Our current setup is:

Board: J784s4 custom board
PDK 09.02.00.30
Linux
SPL Boot

MSMC: 6MB of this memory is configured as L3 cache (board-cfg.yaml) at uboot

    # msmc_cache_size calculation:
    # If the whole memory is X MB the value you write to this field is n.
    # The value of n sets the cache size as n * X/64. The value of n should
    # be given in steps of 4, which makes the size of cache to be
    # configured in steps on X/8 MB.
    # Simplified: n = Cache_in_MB * 8
    
    msmc:
        subhdr:
            magic: 0xA5C3
            size: 5
        # enable 6MB msmc cache
        msmc_cache_size : 0x30

The corresponding kernel config is:

&msmc_l3 {
	cache-size = <0x600000>;  // Set the L3 cache to 6MB
	cache-line-size = <128>;  // Cache line size is 128byte
	cache-sets = <2048>;      // Number of cache sets
};

Output of lscpu:

lscpu
Architecture:            aarch64
  CPU op-mode(s):        32-bit, 64-bit
  Byte Order:            Little Endian
CPU(s):                  8
  On-line CPU(s) list:   0,1,4,5
  Off-line CPU(s) list:  2,3,6,7
Vendor ID:               ARM
  Model name:            Cortex-A72
    Model:               0
    Thread(s) per core:  1
    Core(s) per cluster: 4
    Socket(s):           -
    Cluster(s):          1
    Stepping:            r1p0
    BogoMIPS:            400.00
    Flags:               fp asimd aes pmull sha1 sha2 crc32 cpuid
Caches (sum of all):
  L1d:                   128 KiB (4 instances)
  L1i:                   192 KiB (4 instances)
  L2:                    4 MiB (2 instances)
  L3:                    6 MiB (1 instance)

Current software situation is:
On the first A72 cluster (cluster 0) we have a dotnet runtime that hosts a couple of C# applications and at the
other cluster (cluster 1) is running a c++ realtime application.

Our problem is:
The dotnet runtime spawns one garbage collection (GC) thread for each CPU core it runs on (cluster 0).
When the GC threads occasionally do their work, we experience interference with threads of our realtime
application running on the second A72 cluster (cluster 1) to have an almost doubled CPU time.
This leads to miss RT deadlines in some situations resulting in error conditions in our application.

The garbage collection work initiated by dotnet causes heavy memory transactions resulting in (a) cache
invalidation's, esp.
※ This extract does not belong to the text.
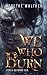 We Who Burn by Merethe Walther We Who Burn by Merethe Walther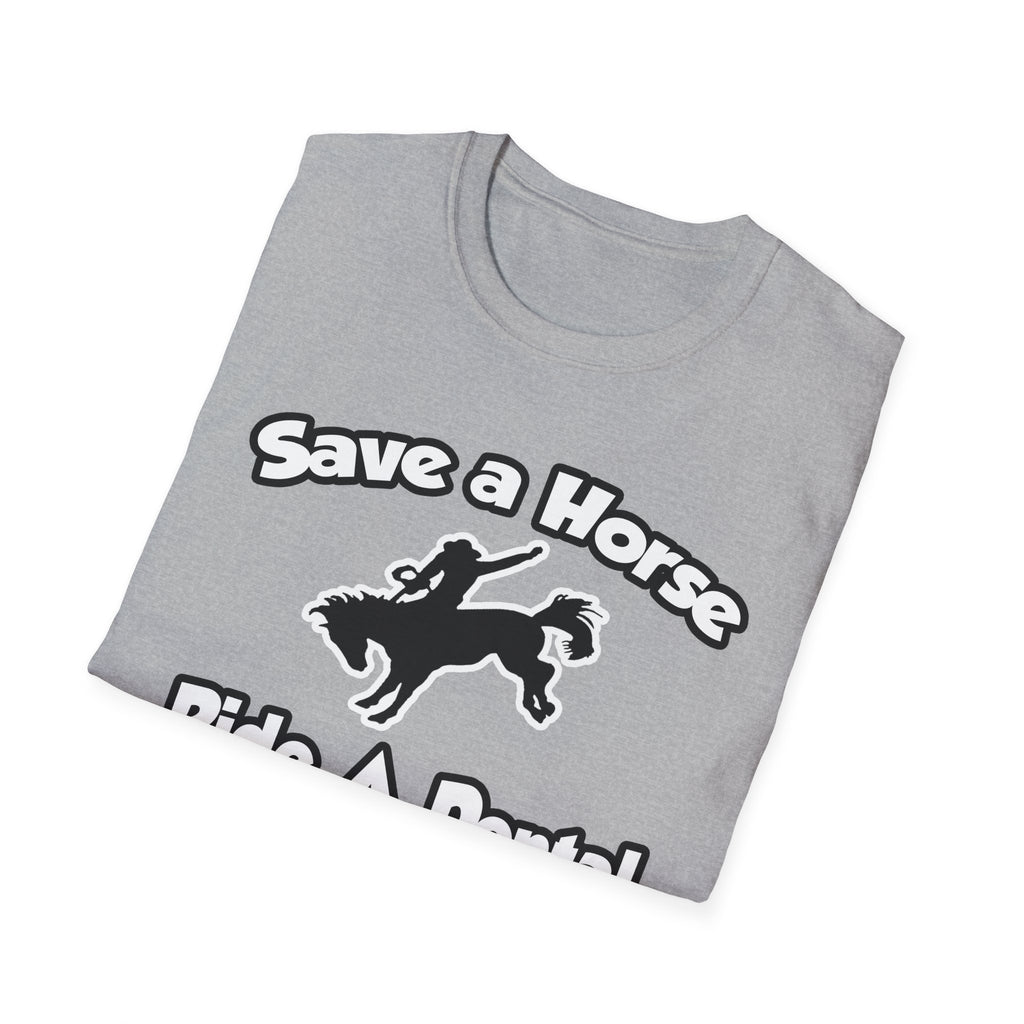 Save a Horse, Ride a Dental Hygienist - Unisex Softstyle T-Shirt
L3 cache shared between both A72 clusters, or (b) DDR memory controller bus saturation, or (c) both phenomena.

We have some questions verify of our theory:

1. How can we check our hypothesis by e.g. measuring dedicated performance counters regarding cache misses, bus saturation et. al.?
2. Is there a possibility to separate/partition the L3 cache and assign these to the two A72 clusters individually?
3. Are there options to increase the DDR memory bus throughput (when it proved to be the bottleneck)?
4. Other reasons we did not think of?

Kind Regards
Thomas Willetal

7 months ago

0 Keerthy J 7 months ago

TI__Guru**** 162670 points

Hi,

One confirmation on the hypothesis: If you have already disabled the GC thread and made sure that RT deadlines are met?

Thomas Willetal said:
there a possibility to separate/partition the L3 cache and assign these to the two A72 clusters individually?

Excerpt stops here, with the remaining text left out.